After the presentation we were devided into two groups. The first one had lunch, while the second one visited the Oxide Fuel Complex. Then the groups changed round. We were able to see how AGR fuel is made. It is amazing how different the fuel is when compared with LWR fuel.
And how do they make the AGR fuel? At first, it is necessary to change the UF4 to UF6. Then it is sent to be enriched to about 3 % of 235U. After the UF6 is enriched, it is converted to UO2 powder in a kiln. Then the UO2 powder is processed, it is pressed, heated in a furnace and grinded to produce the fuel pellets. The fuel pellets are stacked inside a stainless steel tube (the fuel cladding) that is one meter long. After the tubes are sealed and pressurised with helium, they are put together in the graphite sleeve to form the AGR fuel assembly. Each fuel assembly contains 36 fuel pins (tubes) and each fuel pin contains 64 pellets. After the fuel assembly is inspected to check the quality of the fuel, it is packed and ready to use in an AGR reactor. The AGR core is higher than the LWR, it contains seven or eight fuel assemblies asembled vertically, so it is about eight metres high.

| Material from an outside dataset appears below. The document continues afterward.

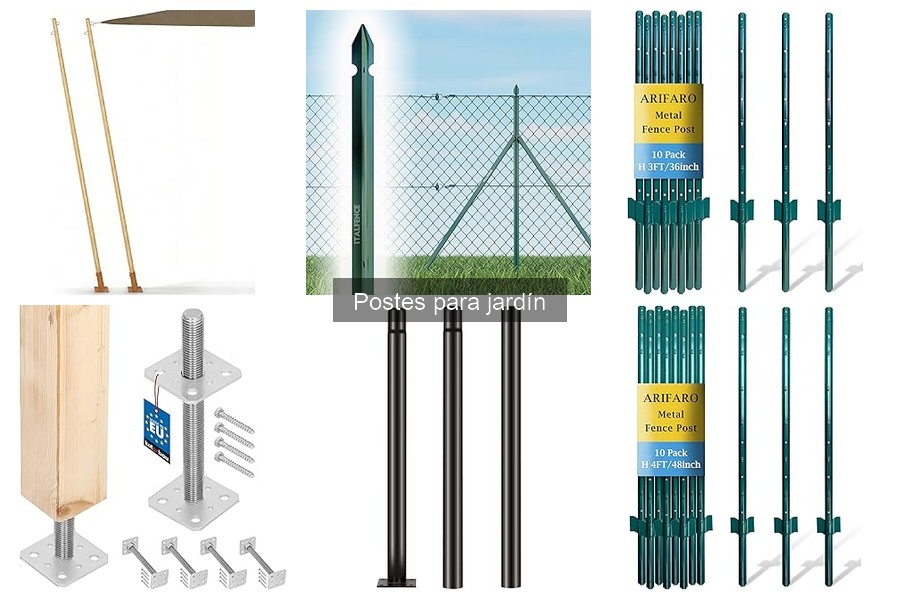 ** Ventajas y Desventajas de Postes Desmontables para Jardín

The procedure for LWR fuel fabrication is different. Initially, LWR fuel pellets undergo the same manufacturing process as AGR fuel pellets. After fabrication, however, the fuel pellets are loaded inside zirconium alloy tubes, which are about three metres long. Then they are pressurised with helium, sealed and fitted inside a pre-assembled framework. They are also inspected before being used in the reactor. The LWR core 50% shorter than the AGR core. Moreover, the LWR fuel rod contains not only the pellets but also the plenum springs. These pellets are put in the cladding tube, they are not stacked inside a fuel rod, like the AGR pellets.
I would like to thank the ENS staff (especially Emilia Janisz and Kirsten Epskamp) for its organisation of this great conference and for the very friendly atmosphere. Personally, as the Czech Young Generation reporter I am also grateful for the financial support that I was given by the IAEA and by my employer, the Research Centre Rez.